§ **Supplied data**:

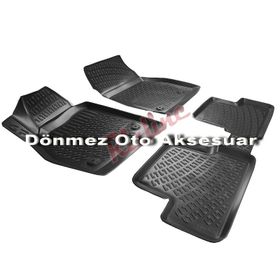 Rizline Skoda Yeti Siyah 3D Havuzlu Paspas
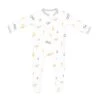 Zippered Footie In Icon -Kyte Baby kyte baby zippered footies zippered footie in icon 31468412043375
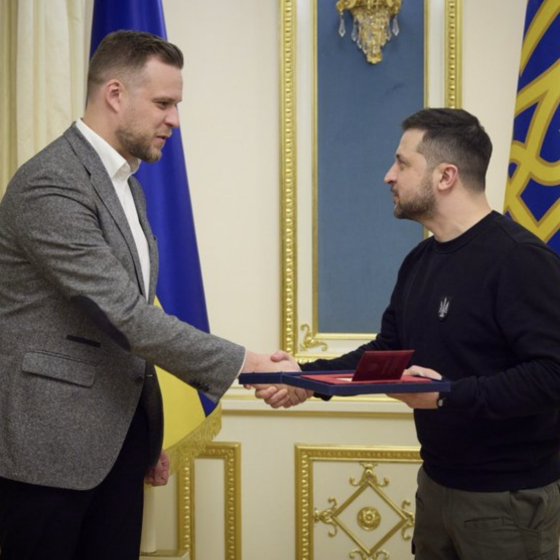 “Order of Prince Yaroslav” to Lithuania From Ukraine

§ **Work item**:
When you retype the material above, copy each line exactly and drop whatever images appear in it.

§ **Result of this exercise**:
 Rizline Skoda Yeti Siyah 3D Havuzlu Paspas
 Zippered Footie In Icon -Kyte Baby kyte baby zippered footies zippered footie in icon 31468412043375
 “Order of Prince Yaroslav” to Lithuania From Ukraine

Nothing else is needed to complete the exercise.